Admiral Mike Mullen, Chairman of US Joint Chiefs of Staff
“In choosing to use violent extremism as an instrument of policy the government of Pakistan and most especially the Pakistani army and the ISI jeopardizes not only the prospect of our strategic partnership but Pakistan’s opportunity to be a respected nation with legitimate regional influence.”
“They may believe that by using these proxies they are hedging their bets, or redressing what they feel is an imbalance of regional power. But in reality they have already lost that bet.”
With some minor tweaks these words could have been spoken by an Indian policy wonk complaining about Pakistan’s refusal to disengage from the shadowy and violent groups that inhabit the undefined space at the edge of its state apparatus.
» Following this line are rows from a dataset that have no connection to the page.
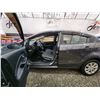 Image 48 : PARKSVILLE - 2014 KIA RIO, GREY, 176888 KMS, FRONT WHEEL DRIVE. - D338513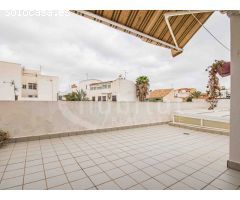Casa de pueblo distribuida en tres plantas a la venta en Los Montesinos,
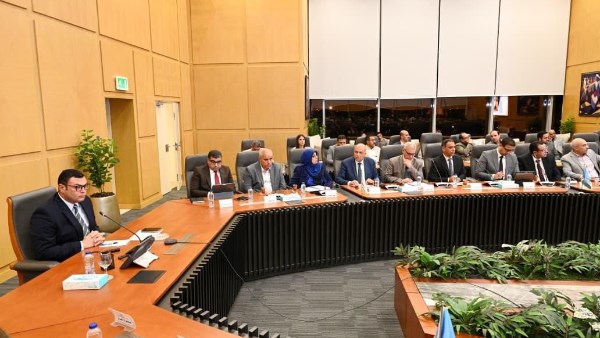 وزير الإسكان وزير الإسكان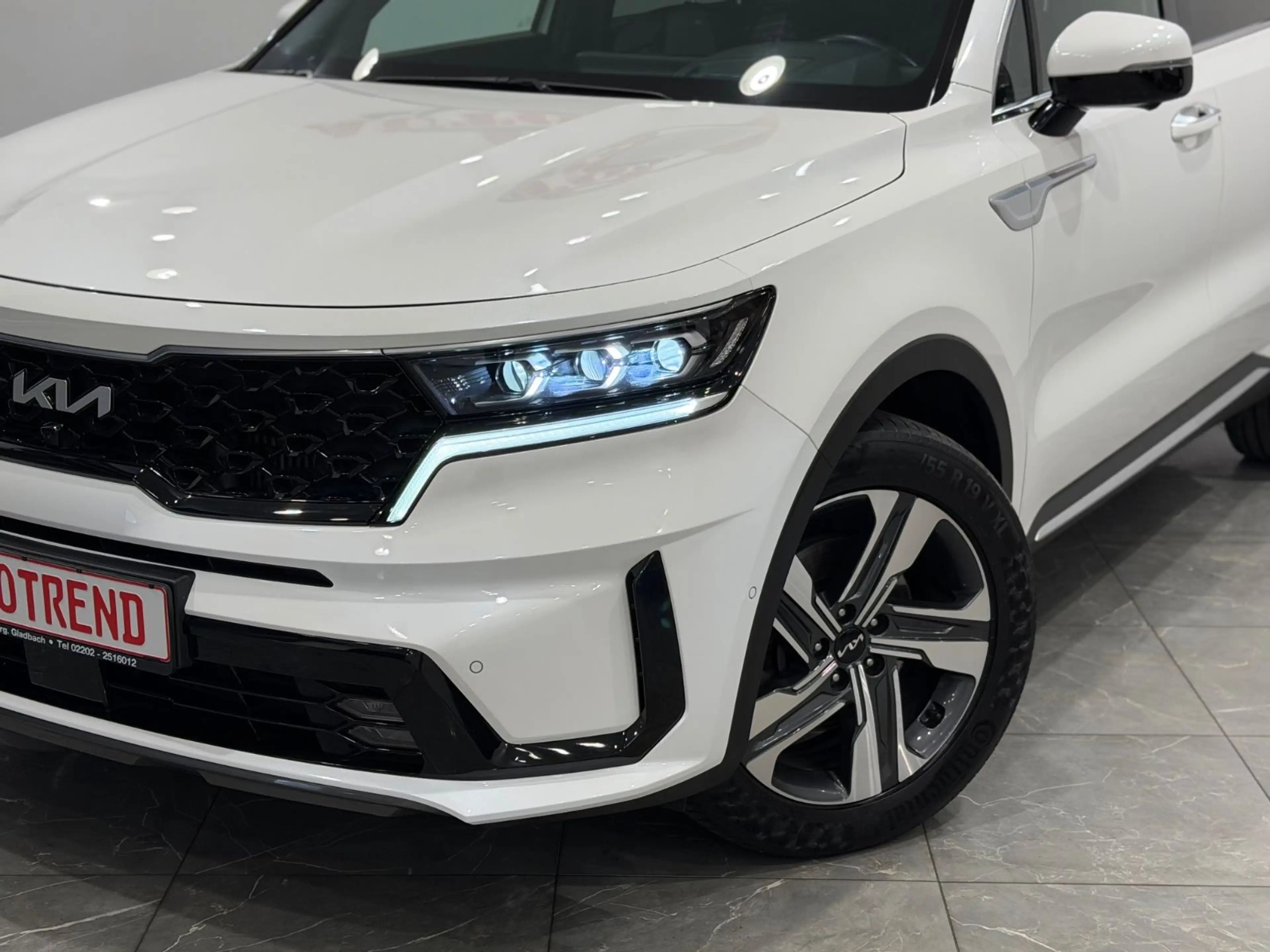 Kia Sorento Platinum 4WD Plug-In Hybrid 7-SITZER — photo 5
The fact that these were spoken by America’s outgoing chairman of the Joint Chiefs of Staff Admiral Mike Mullen comes as a stark reminder about what India has been saying for close to two decades.
In directly saying that the Haqqani network, led by Jallaluddin Haqqani and his son Sirajuddin, is being run by the Inter-Services Intelligence (ISI), Admiral Mullen has used the rare freedom provided by his impending retirement to articulate what has been on the minds of the top US military leadership for quite sometime.
"The Haqqani Network [...] acts as a veritable arm of Pakistan's Inter-Services Intelligence Agency.
With ISI support, Haqqani operatives planned and conducted that truck bomb attack, as well as the assault on our embassy. We also have credible intelligence that they were behind the 28 June attack against the Inter-Continental Hotel in Kabul and a host of other smaller but effective operations,” Mullen told a US Senate Panel last week.
Conscious that he is about to end his tenure Admiral Mullen may have felt particularly motivated to be direct. He realizes that his candor would not hamstring his dealings with the Pakistani military because he would not be around too long in the job. However, he ought to be equally aware that the repercussions of his comments are bound to be felt well beyond his own tenure and could compel the Obama administration to take much more hardline approach towards Islamabad.
It is hard to see too many alternatives other than Washington telling Islamabad in explicit terms what it expects of it in order to maintain bilateral relations at a level which is even barely constructive.
So far Pakistan has chosen to counter the allegations with surprising vehemence, including assertions by its Foreign Minister Hina Rabbani Khar, that there was a real risk of Washington losing Islamabad as an ally if it continued with this approach. While publicly that may sound impressive, privately the Pakistanis know that they cannot afford to walk out of the relationship without forever ruining its strategic equations.
Swagger is a poor substitute for policy and the Pakistani leadership has to know that. So while the ebullient Ms. Khar may manage to use it to get out of a television ambush, behind the closed doors of intense diplomacy it is best left outside.